Elever les enfants, autrement dit, les délivrer de leur amour propre pour y substituer l'amour des autres et de la communauté, voilà l'œuvre par excellence qui fondera la république. Aussi les instituteurs sont-ils les ouvriers nécessaires de cette révolution que Lamartine attend; et il rêve une «association libre, pour la direction religieuse, morale et politique de l'esprit des instituteurs dans la République». Mazzini à son tour s'est fait maître d'école; et j'ai visité, dans le Transtevere, un établissement populaire d'éducation où l'on enseigne à des enfants d'ouvriers un catéchisme spiritualiste tiré de ses livres. L'association, pour les adultes, est un moyen merveilleux: ils s'apprennent par elle à coopérer, à dépasser les fins individuelles, et à jouir de se sentir peu de chose, au service de quelque chose de grand.

Je dois le dire; Lamartine était trop improvisateur, il avait l'imagination trop paradisiaque pour [160] apercevoir les difficultés extraordinaires de cette tâche; il se contente de la voir en perspective, comme une allée un peu montante, mais agréable.

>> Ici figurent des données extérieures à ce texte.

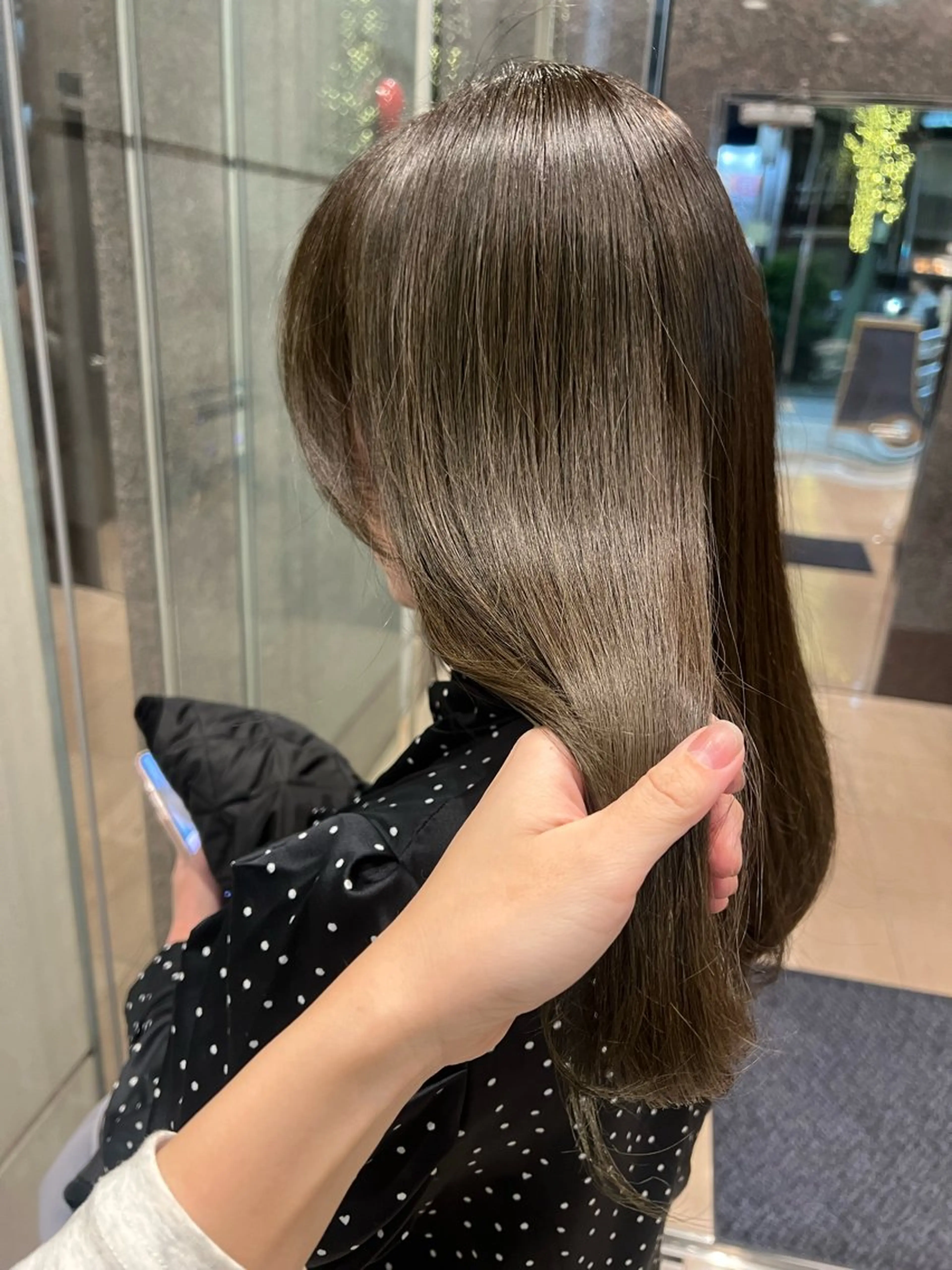 ロング 縮毛矯正 酸性ストレート 名古屋美容室 Sopiリナのヘアスタイル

En somme il ne s'agit de rien de moins que de faire l'homme à nouveau. Mazzini, moins heureux et qui a lutté davantage, connaît mieux les résistances féroces de l'égoïsme. C'est lui qu'il faut écouter ici. Il sait, et il ne dissimule pas, qu'il faudra déchirer et fouiller la nature, en son fond; qu'il faudra aller jusqu'à l'ascétisme. A cette profondeur seulement les germes vivaces de l'égoïsme seront atteints, la vie pour les autres apparaîtra comme le salut, et la première substruction de la république sera bien assise.

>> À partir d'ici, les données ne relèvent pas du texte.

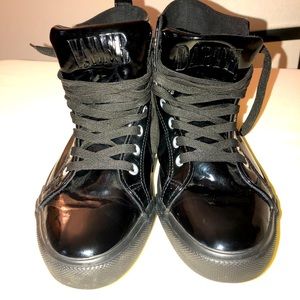 Star Wars Darth Vader Patent Faux Leather Hi- Top Sneakers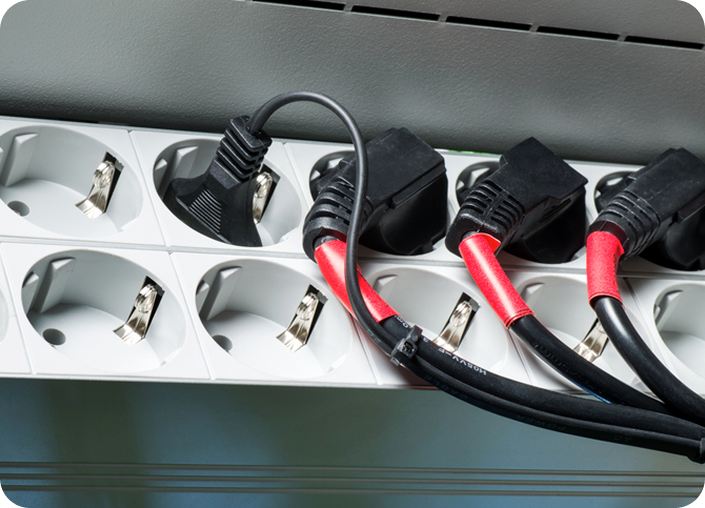 Multiple plugs in power outlet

«Je crois, dit-il, que nous ne pourrons jamais rendre l'homme plus digne, plus aimant, plus noble et plus divin - ce qui est notre fin et notre but sur la terre - en nous contentant d'entasser autour de lui des moyens de jouissance, et en lui proposant pour but de la vie cette ironie qu'on appelle le bonheur.... Ouvriers mes frères, comprenez-moi bien: les améliorations matérielles [161] sont indispensables et nous lutterons pour les obtenir, non pas parceque la seule chose nécessaire à l'homme est d'être bien logé et bien nourri, mais parceque vous ne pouvez pas avoir conscience de votre propre dignité ni vous développer intellectuellement tant que vous êtes absorbés, comme aujourd'hui, par la lutte incessante contre le besoin et la pauvreté. - Vous travaillez dix ou douze heures par jour, comment trouverez-vous le temps de vous instruire? Le plus grand nombre d'entre vous gagne à peine de quoi subvenir à ses besoins et à ceux de sa famille, comment vous procurer les moyens de faire votre éducation?... La pauvreté vous empêche souvent d'obtenir justice comme les hommes des classes plus élevées, comment apprendrez-vous à aimer et à respecter la justice? - Il est donc nécessaire que votre condition matérielle s'améliore pour que vous puissiez progresser moralement. Il faut que vous receviez un salaire qui vous permette de faire des économies, de manière à vous rassurer sur l'avenir et, par dessus tout, il faut purifier vos âmes de tout sentiment de révolte et de vengeance, de toute pensée injuste à l'égard de ceux-là même qui ont été injustes envers vous. Vous devez lutter pour obtenir toutes ces améliorations dans votre situation, et vous les [162] obtiendrez, mais recherchez-les comme des moyens et non comme le but; recherchez-les par sentiment du devoir et non pas seulement du droit.... Si vous n'agissez pas ainsi, quelle différence y aura-t-il entre vous et ceux qui vous ont opprimés? Ils vous ont opprimés justement parcequ'ils ne recherchaient que le bonheur, la jouissance et la puissance.... Un changement d'organisation sociale aura peu d'effet tant que vous conserverez vos passions et votre égoïsme....»

Jamais, je crois, aucune doctrine politique ne fut empreinte d'une telle grandeur morale. Celle-ci est vraiment une application de l'Evangile. La vertu se présente comme la seule chance de réussite dans les faits, comme la nécessité première dont rien ne dispense. Il faut que l'humanité s'apprenne à passer par la porte étroite. La république sera religieuse, ou elle succombera.

De ces principes généraux dérivent des programmes d'institutions ou de réformes. Je n'entre pas dans le détail, où nos guides quelquefois se sont fourvoyés. Il me suffit d'avoir exposé leur thèse en ce qui demeure, et je crois l'avoir fait fidèlement.